Few outside the rights of light specialism understand its complexity. Certainly, it requires some knowledge of specific areas of the law, including related statutes and case law. It also requires knowledge of accepted guidance such as BR 209 Site layout planning for daylight and sunlight: a guide to good practice, and relevant local planning guidance such as the London Plan.
This aside, the skilled surveyor should be able to view developments and their surroundings and review drawings to understand potential issues that might arise. They often need to advise their client on the scale of development, and how this may affect neighbours.
Surveyors may use their knowledge to suggest changes where possible, but ultimately, they will advise on risks both in legal and planning terms, tailoring risk management strategies to their client.
This means they need to be able to handle sometimes complex negotiations with neighbours or their representatives in rights of light cases, or even to prepare and present expert evidence in court.
In the planning sector, detailed knowledge of the appropriate guidance can help identify alternative assessment methods and prepare a balanced report that helps a planning officer give a positive recommendation. Here too expert evidence may be required, for example at planning appeal.
Remember that RICS membership may not be easy to obtain but does have benefits – some tangible and others not. However, one specific example worth knowing about is that they enjoy direct access to a King's Counsel, without the need to go through a solicitor. This speeds up the process where legal advice is required at that level.
The scope of services covered by a rights of light surveyor is a specialism in its own right. Aside from the mandatory competencies, rights of light candidates should, in their summary of experience, cover the following technical competencies as suggested by RICS.
These competencies are the closest fit to those exercised by a specialist rights of light surveyor. Such surveyors ought realistically to have a level 1 knowledge of the general subject matter and a level 3 knowledge of those aspects that are most relevant.
As an example, when it comes the Access and rights over land competency, the rights of light surveyor will deal with the easement of light and should also understand deeds of release and covenants. They may also have encountered access rights under the Party Wall etc. Act 1996 that could allow the assessment of layout in a potentially affected building without disclosing that a potential right to light issue was being considered, but this is uncommon.

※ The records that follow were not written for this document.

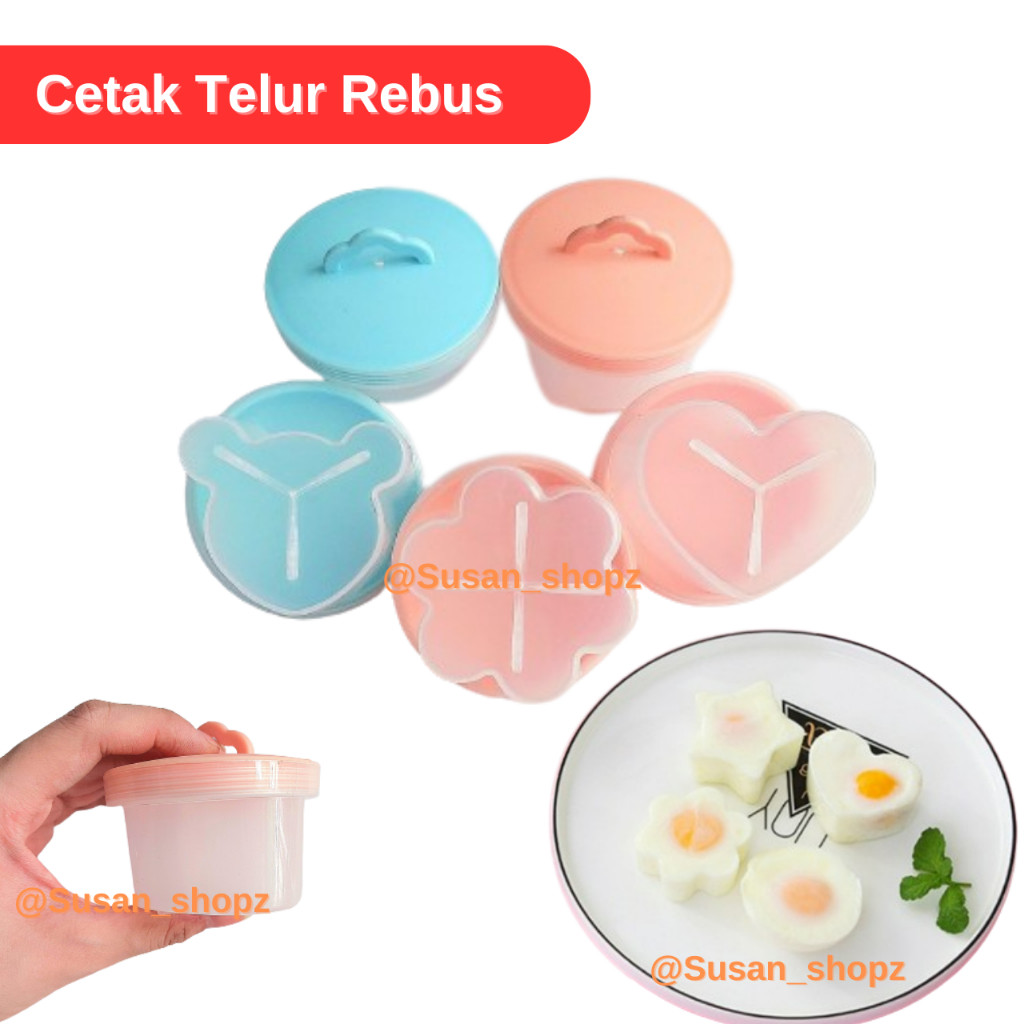 Cetakan Telur Rebus Kukus Cetak Puding Foodgrade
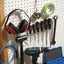50pcs Peg Board Hooks Wall Shelf Hanger Garage Organiser Shop Display 3667801 Carousel 4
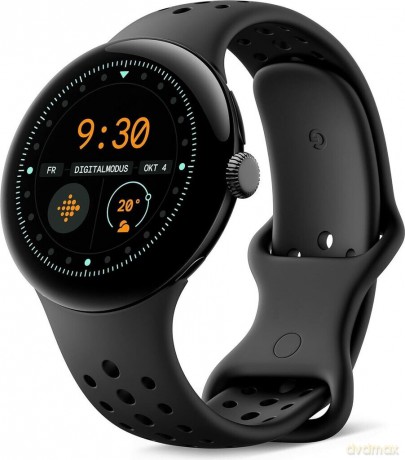 Google - Pixel Watch 3 41mm 4G Matte Black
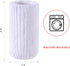 32 Set, PCs Furniture Leg Socks - High Elastic Knitted Chair Leg Floor Protectors, Thickening White Chair Leg Covers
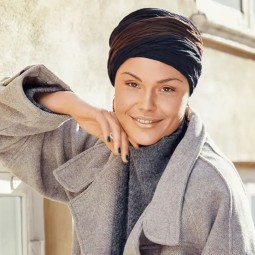 TURBANTE ZOYA V BLACK...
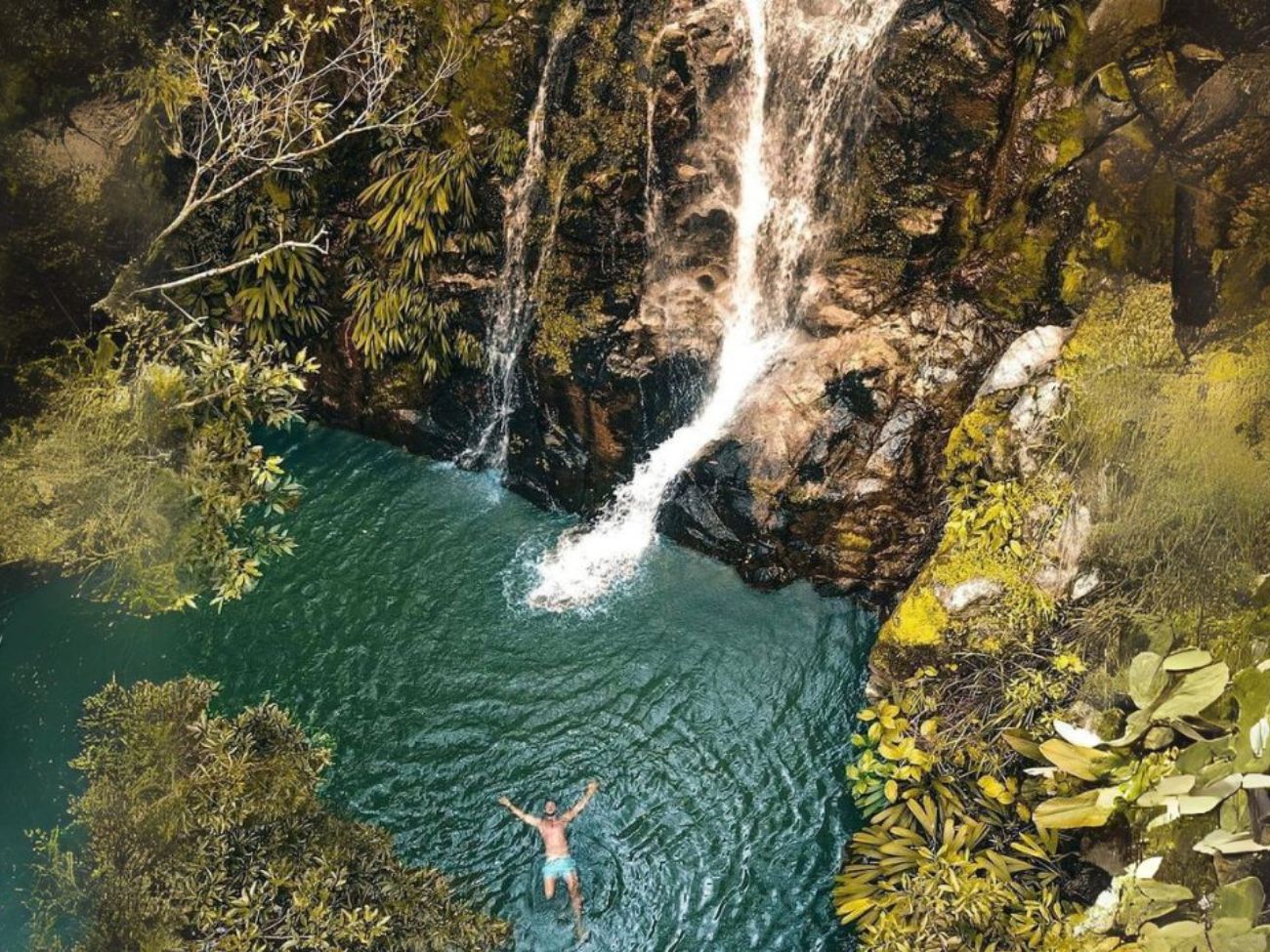 Minca, Taganga, Pozo Azul y Playa Grande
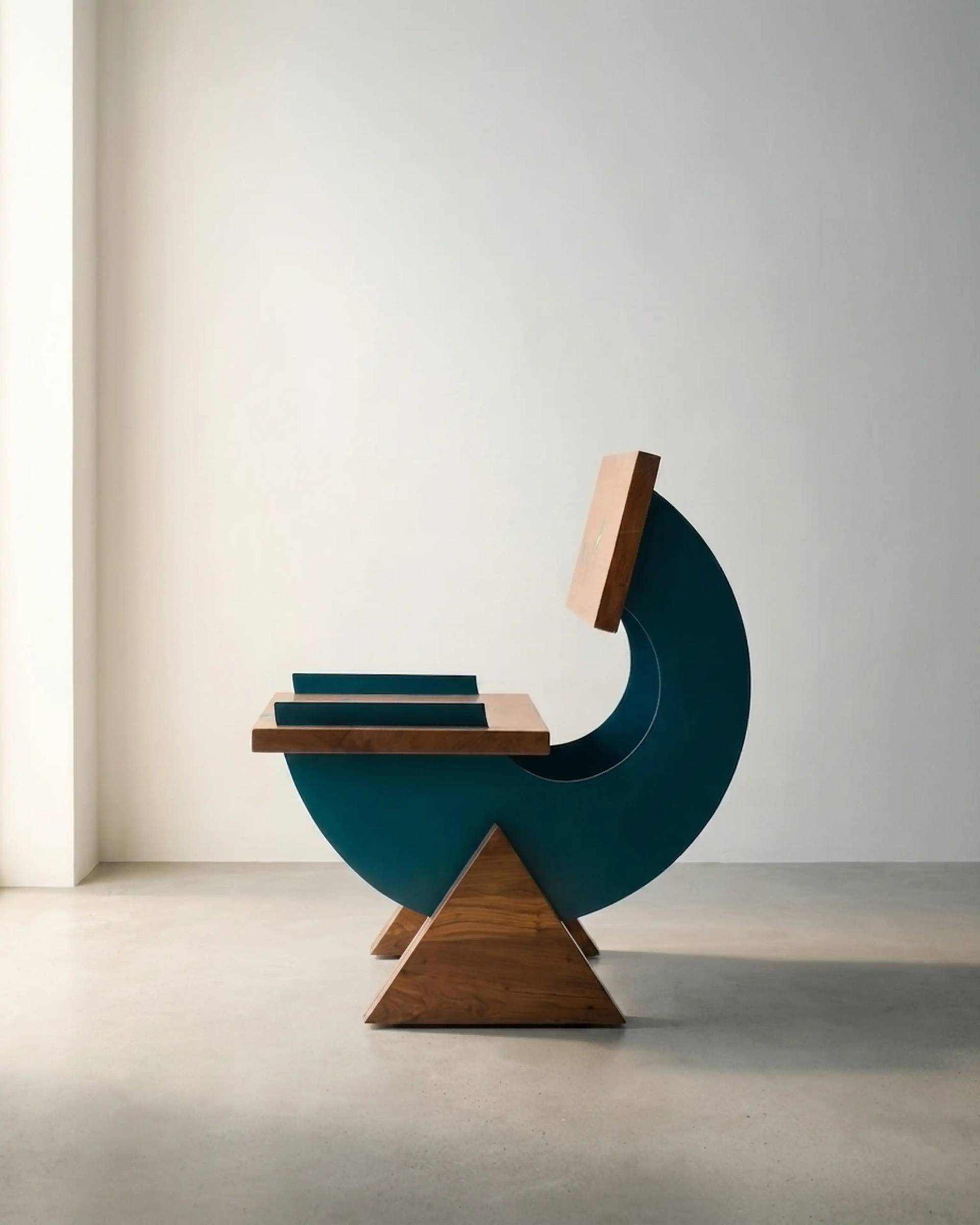 The Blade Balance Chair alternate view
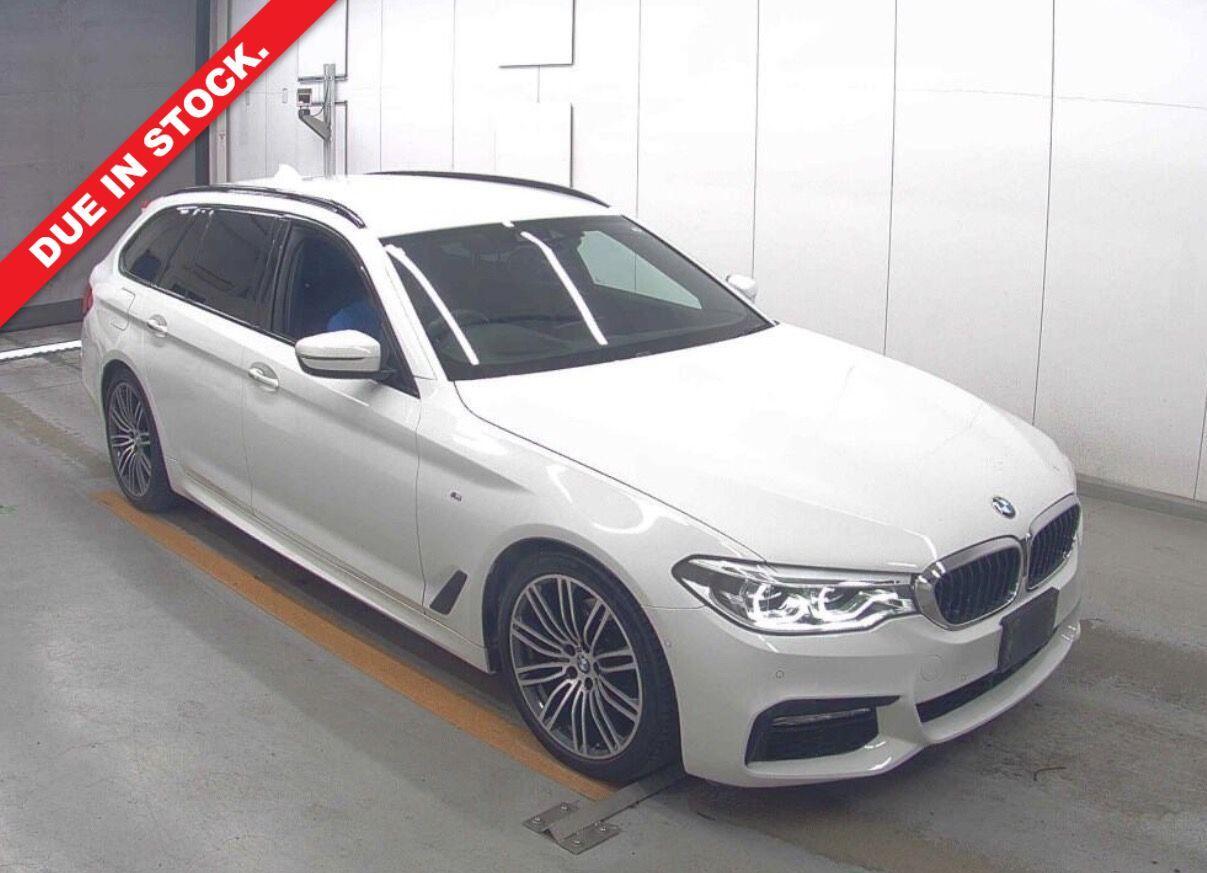 2017 BMW 5 Series in White for sale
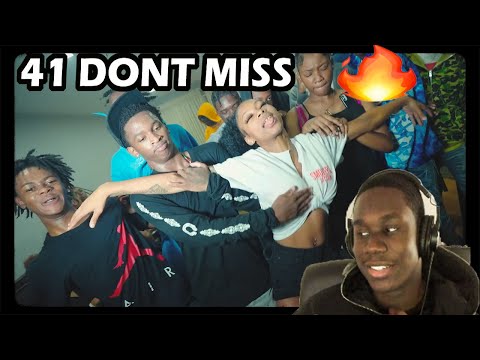 41 DONT MISS 🔥 | “41” Jenn Carter X TaTa - "SHOCK!" (Official Music Video) Shot By Jus_Mh | REACTION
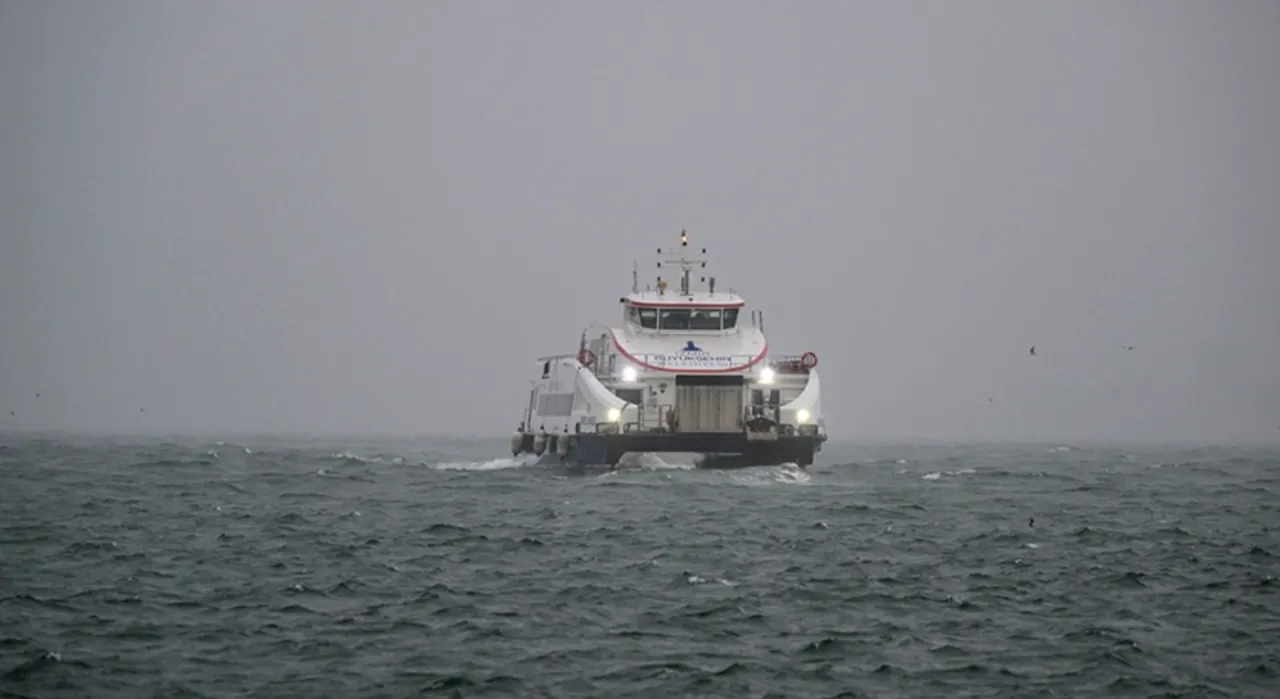 Bugün hangi vapur seferleri iptal edildi? 31 Aralık Şehir Hatları, İDO ve BUDO iptal sefer listesi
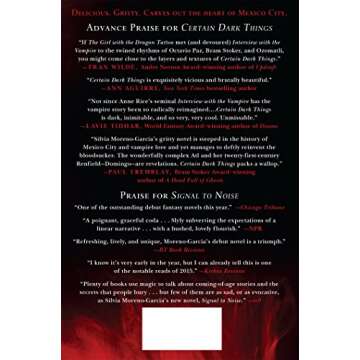 Certain Dark Things: A Novel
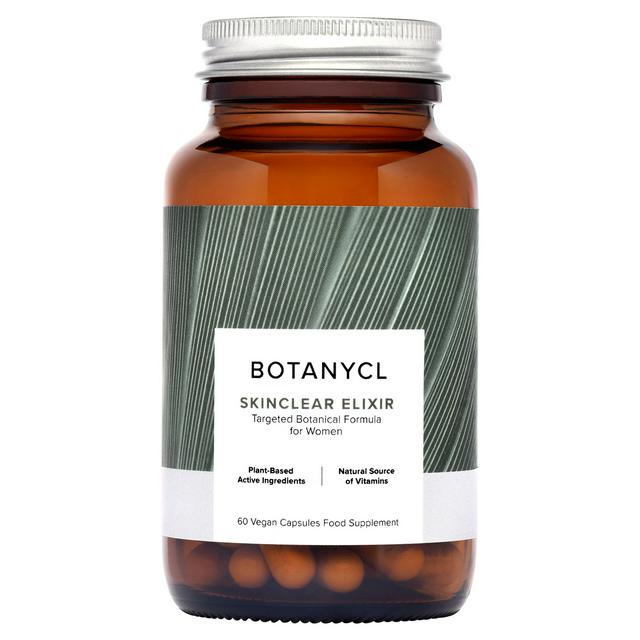 Botanycl Skinclear Elixir Vegan Capsules for Women x60 - gallery image 1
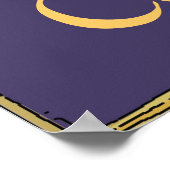 ヴィンテージルースターポスター、編集文字 ポスター (角)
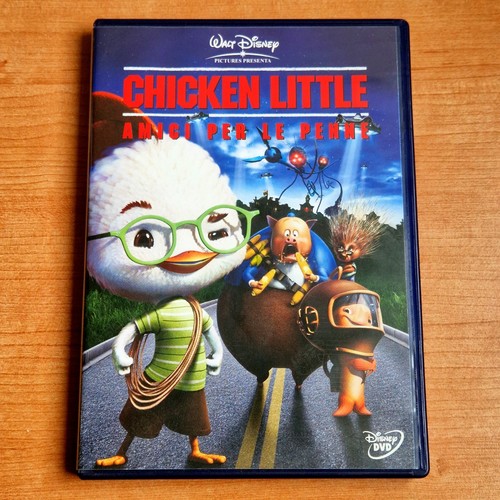 Chicken little amici per - per, le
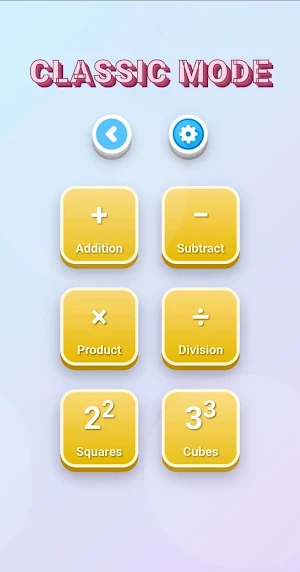 Mental Math: Offline Math Game Screenshot 1
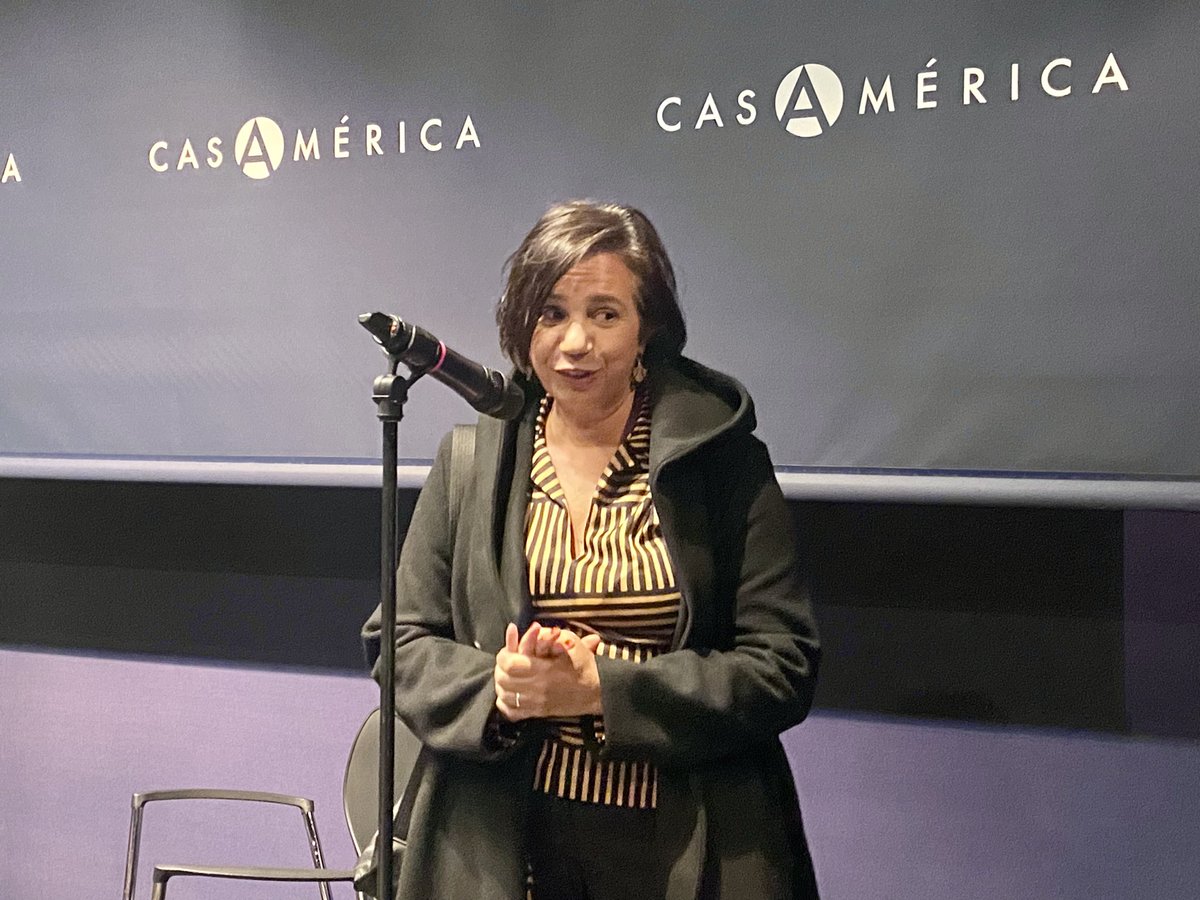 Casa de América (@casamerica) on Twitter photo 🎬 🇦🇷 Preestreno de 'El aroma del pasto recién cortado’, de la cineasta argentina Celina Murga, con producción ejecutiva de Martin Scorsese, y protagonizada por Joaquín Furriel y Marina de Tavira.
👥 Coloquio con Celina Murga y María Luisa Ortega.
🤝 Con <a href="/Tresmilmundos/">Tresmilmundos Cine</a>. 🎬 🇦🇷 Preestreno de 'El aroma del pasto recién cortado’, de la cineasta argentina Celina Murga, con producción ejecutiva de Martin Scorsese, y protagonizada por Joaquín Furriel y Marina de Tavira.
👥 Coloquio con Celina Murga y María Luisa Ortega.
🤝 Con <a href="/Tresmilmundos/">Tresmilmundos Cine</a>.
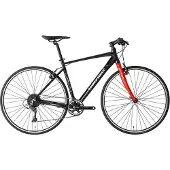 Wolfbike Vulture R2 Flat Bar Claris Road Bike Noir 51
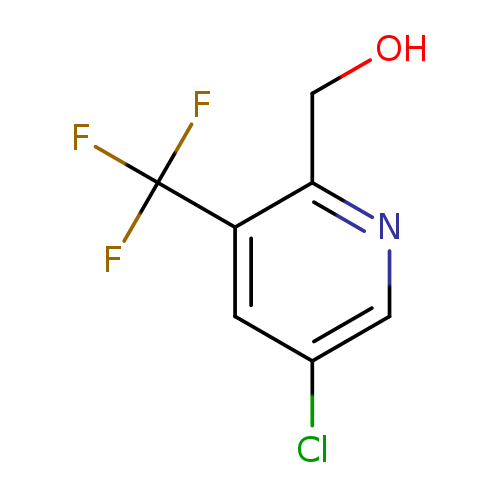 OCc1ncc(cc1C(F)(F)F)Cl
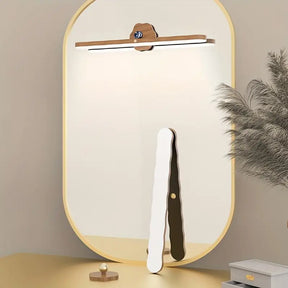 Luz de leitura LED para cama com fixação magnética e sem fio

A rights of light surveyor is under a duty to the client and any potential insurer not to disclose to any other party that a right to light issue might exist. However, they do need to use best data in their analysis. So, where access can be gained for some other purpose, they can take gain extra information such as room depths.
They may also consider licences such as where an owner can allow a window to be built at the boundary line and use the light from over their neighbour's land until such time as the neighbour wishes to redevelop. The act of permission through the licence removes the application of the Prescription Act. However, the surveyor would not be involved in advising in respect of wayleaves, which have no relevance to rights of light.
For this reason, when completing their summary of experience, the candidate needs to interpret the competencies, first at level 1 to demonstrate their understanding of the scope, adding those areas that are not currently mentioned in RICS Requirements and Competency guide but are relevant to rights of light surveyors. At level 2 they must explain how they have dealt with those relevant areas in actual projects, including what advice they may have given to a client. At level 3, meanwhile, they must explain why advice is given in any specific circumstances related to a project.
In a sense this is the easier element of their submission; the case study presents a different challenge.
'A rights of light surveyor is under a duty to the client and any potential insurer not to disclose to any other party that a right to light issue might exist'
Selecting a case study is fraught with difficulty for rights of light candidates. They will be trying to find a project of interest with some relatively unusual aspect, requiring consideration of alternatives on which they can advise.
However, when dealing with rights of light advice there is a considerable degree of confidentiality. The surveyor has an ethical duty to their client – even when a project is completed and constructed without objection – not to reveal anything that suggests that a right to light may have been compromised.
This is especially true where the developer has taken out insurance against any action for loss of light. All such cover requires that nothing should be said without the insurer's approval. Any breach of this requirement would invalidate the insurance.
In a rights of light case an affected party, known as the dominant owner who has the right, could – even when the obstruction of light has been in place for more than a year – make a case under the doctrine of lost modern grant for loss of light.
If they learned of their right through a discussion at a candidate's APC final assessment or preliminary assessment then there can be no doubt that their client would want to recover any losses not covered by invalidated insurance. Some suggest that gaining the client's agreement to use their project for the case study would be sufficient to eliminate this risk, but that is not the case.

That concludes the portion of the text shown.